What is expected: Word for word, write out all the entries below, omitting every picture.

Provided records:
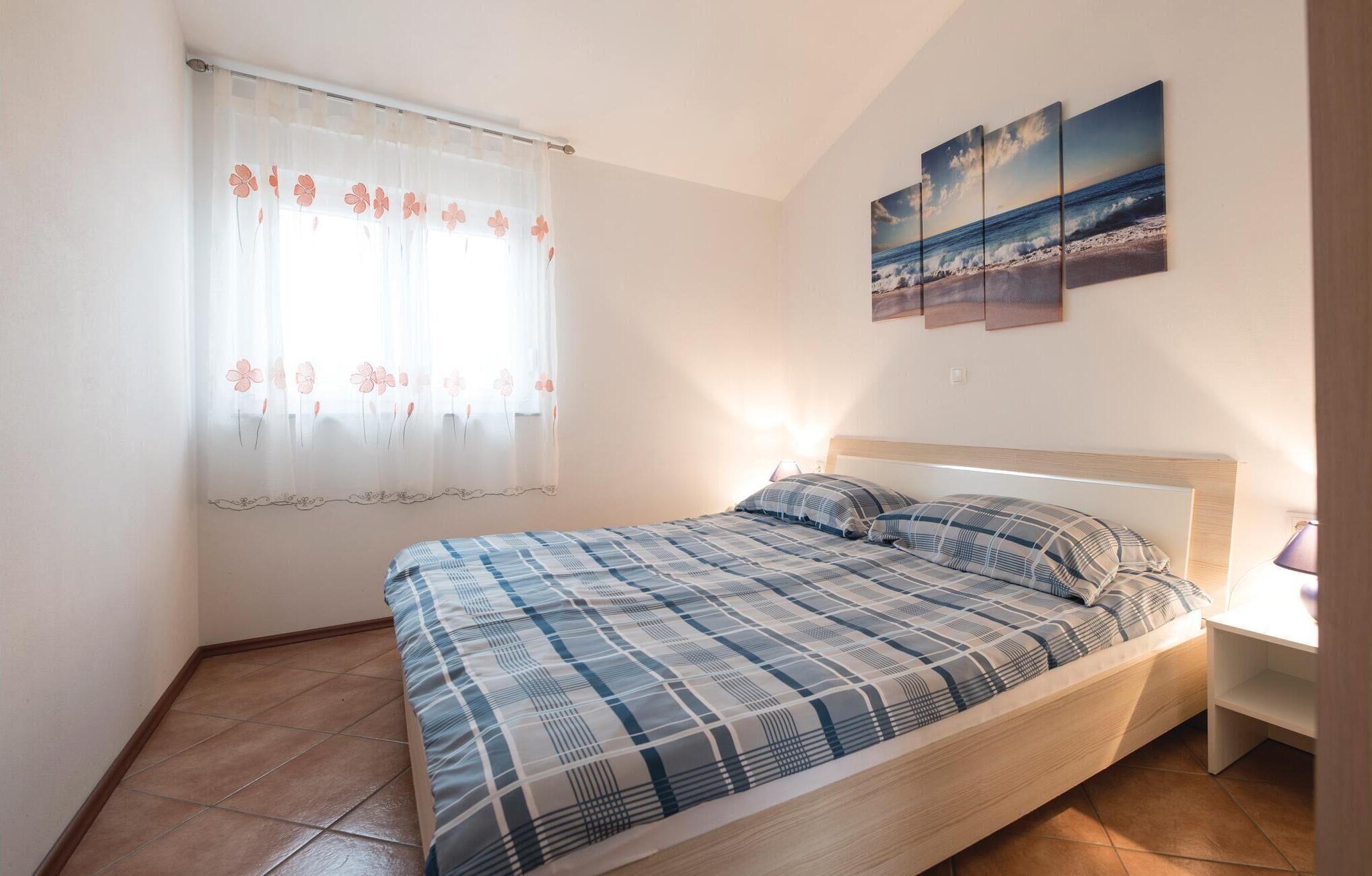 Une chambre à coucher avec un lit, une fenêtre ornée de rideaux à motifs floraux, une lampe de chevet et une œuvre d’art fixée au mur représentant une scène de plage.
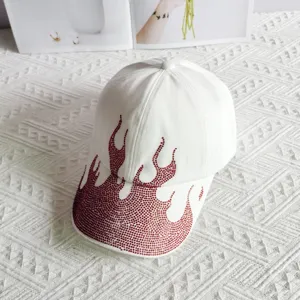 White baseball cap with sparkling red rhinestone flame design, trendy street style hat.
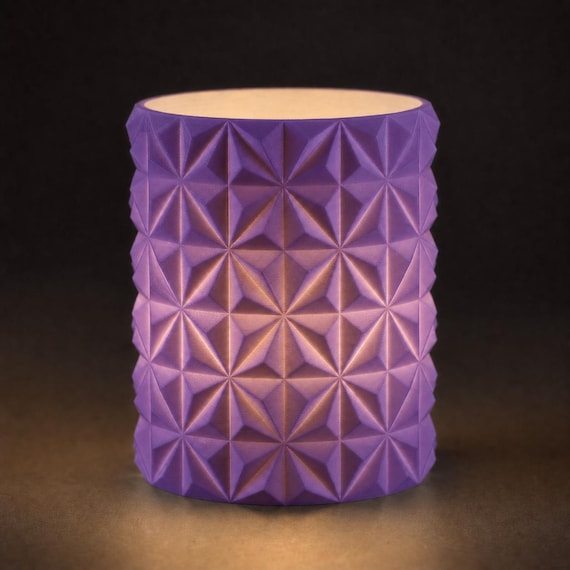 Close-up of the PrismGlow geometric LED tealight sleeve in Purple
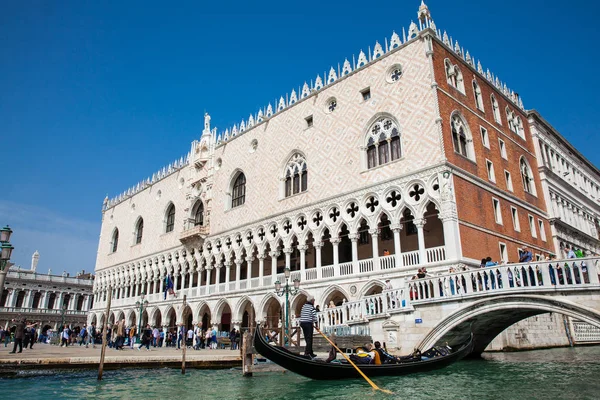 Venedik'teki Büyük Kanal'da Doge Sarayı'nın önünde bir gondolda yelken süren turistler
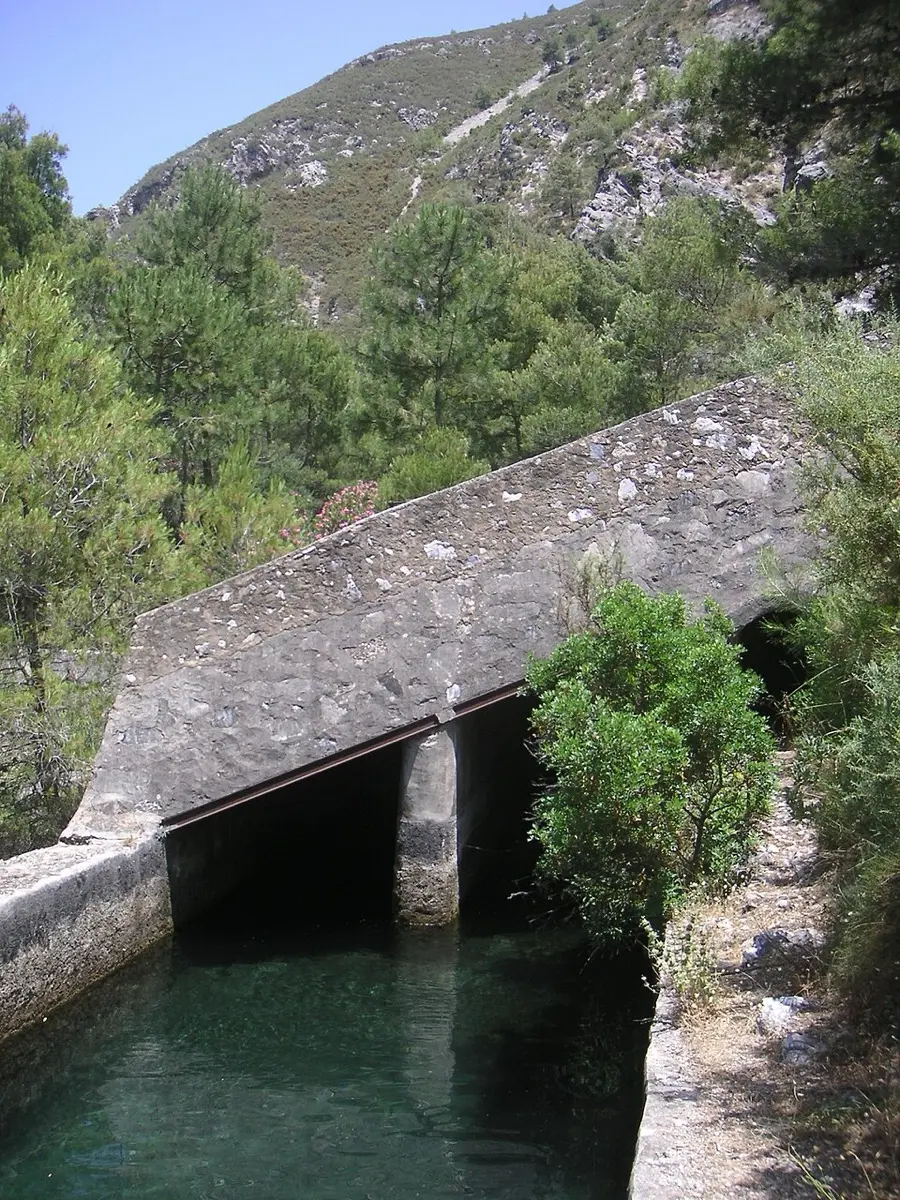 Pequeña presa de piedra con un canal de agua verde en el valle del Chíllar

Response:
 Une chambre à coucher avec un lit, une fenêtre ornée de rideaux à motifs floraux, une lampe de chevet et une œuvre d’art fixée au mur représentant une scène de plage.
 White baseball cap with sparkling red rhinestone flame design, trendy street style hat.
 Close-up of the PrismGlow geometric LED tealight sleeve in Purple
 Venedik'teki Büyük Kanal'da Doge Sarayı'nın önünde bir gondolda yelken süren turistler
 Pequeña presa de piedra con un canal de agua verde en el valle del Chíllar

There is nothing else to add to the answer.